Définition 13   Soit $ A$ un anneau commutatif, $ P$ un polynôme de $ A[X]$ et $ a$ un élément de $ A$. On dit que $ a$ est une racine (ou un zéro) de $ P$ lorsque $ P(a)=0$.

Le résultat qui suit est fondamental, bien que très facile.

Proposition 11   Soit $ A$ un anneau commmutatif, $ P$ un polynôme de $ A[X]$ et $ a$ un élément de $ A$. L'élément $ a$ est une racine de $ P$ si et seulement si $ X-a$ divise $ P$.

Démonstration : Supposons que $ X-a$ divise $ P$, soit $ P=(X-a)Q$. On obtient aussitôt $ P(a)=(a-a)Q(a)=0$.

Réciproquement, supposons que $ P(a)=0$. La remarque qui suit l'énoncé du théorème de division euclidienne montre que, même dans un anneau quelconque, on peut faire la division euclidienne de $ P$ par $ X-a$ ; écrivons donc $ P=Q(X-a)+R$, où le degré de $ R$ est strictement inférieur à $ 1=\deg(X-a)$ donc $ R$ est une constante $ c$.

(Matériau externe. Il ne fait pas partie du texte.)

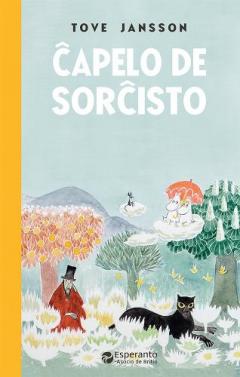 Ĉapelo de sorĉisto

En appliquant cette relation à $ a$, on obtient $ 0=P(a)=c$. Ainsi, $ P=(X-a)Q$ et donc $ X-a$ divise $ P$.$ \square$

Corollaire 1   Soit $ A$ un anneau commutatif intègre. Un polynôme non nul de degré $ n$ possède au plus $ n$ racines.

Démonstration : Par récurrence sur $ n$. Pour $ n=0$, un polynôme constant non nul possède évidemment zéro racine.

Soit $ n$ fixé, supposons le résultat vrai pour les polynômes de degré $ n$ ; soit maintenant $ P$ un polynôme de degré $ n+1$. Si $ P$ n'a aucune racine, le résultat est vrai pour $ P$ ; sinon soit $ a$ une racine de $ P$ ; par la proposition précédente on peut écrire $ P=(X-a)Q$ pour un polynôme $ Q$, qui est clairement de degré $ n$. Maintenant, si $ b$ est une racine de $ P$, alors $ 0=P(b)=(b-a)Q(b)$ donc $ b=a$ ou $ b$ est une racine de $ Q$ (c'est ici qu'on utilise l'hypothèse d'intégrité) ; or $ Q$ a au plus $ n$ racines, donc $ P$ en a au plus $ n+1$.$ \square$

On va ensuite définir un concept de «racine multiple».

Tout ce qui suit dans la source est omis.